Locate the line that contains "Abbasali 10Pcs L" in the data that follows. Copy it and every subsequent line to the end, exactly, excluding pictures.

[Short web captions]
:::::
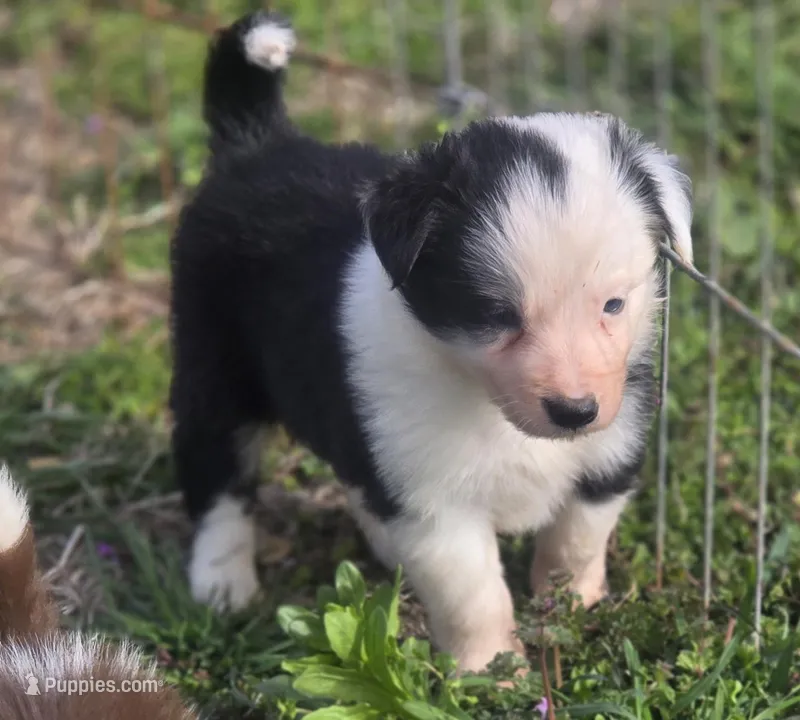 Celine – Border Collie puppy for sale in Rock, KS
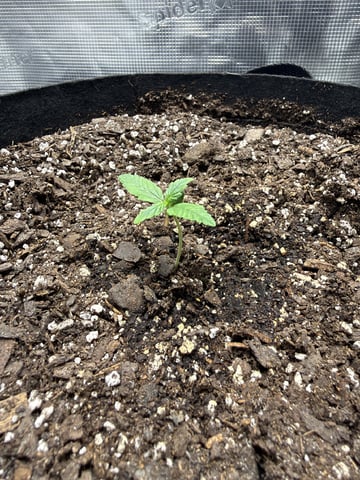 Gorilla Cookies 2nd Try — seedling_rooting, day 14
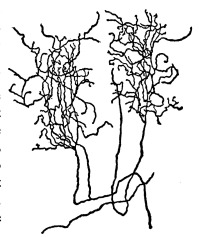 Fig. 6.—Terminal Arborization of Optical Nerve Fibers.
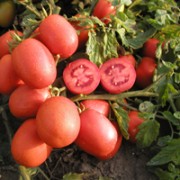 pomidor-sejk--.jpg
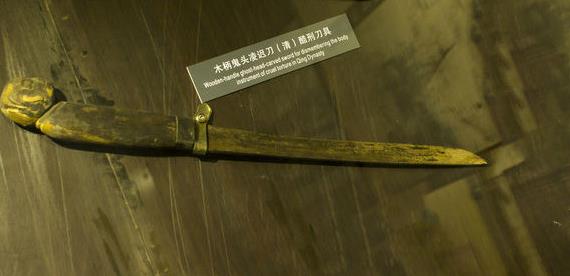 ��ٵ���ʲô����ͼƬ ������ ��ľ����ͷ��ٵ�ͼ��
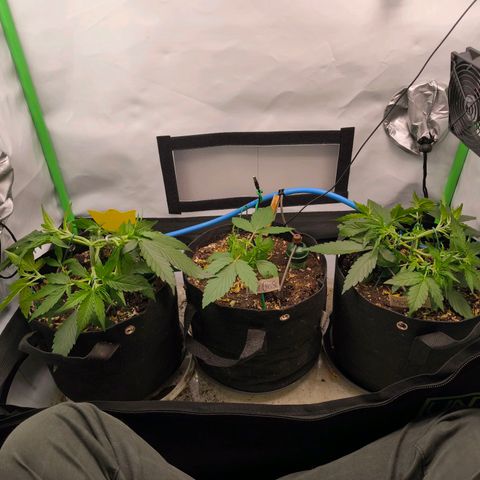ModdeLtroddeL growlog timeline photo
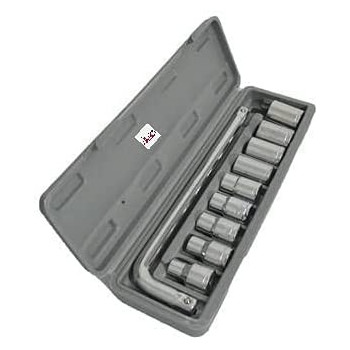 Abbasali 10Pcs L Handle With Socket Set In Plastic Box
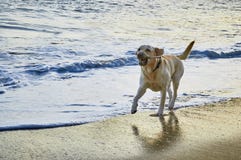 Τρέχοντας retriever σκυλί στα κύματα Άποψη ηλιοβασιλέματος της παραλίας στο Σάο Pedro Εστορίλ, Πορτογαλία - εικόνα στοκ εικόνα με δικαίωμα ελεύθερης χρήσης Τρέχοντας retriever σκυλί στα κύματα Άποψη ηλιοβασιλέματος της παραλίας στο Σάο Pedro Εστορίλ, Πορτογαλία - εικόνα στοκ εικόνα με δικαίωμα ελεύθερης χρήσης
:::::
Task result
 Abbasali 10Pcs L Handle With Socket Set In Plastic Box
 Τρέχοντας retriever σκυλί στα κύματα Άποψη ηλιοβασιλέματος της παραλίας στο Σάο Pedro Εστορίλ, Πορτογαλία - εικόνα στοκ εικόνα με δικαίωμα ελεύθερης χρήσης Τρέχοντας retriever σκυλί στα κύματα Άποψη ηλιοβασιλέματος της παραλίας στο Σάο Pedro Εστορίλ, Πορτογαλία - εικόνα στοκ εικόνα με δικαίωμα ελεύθερης χρήσης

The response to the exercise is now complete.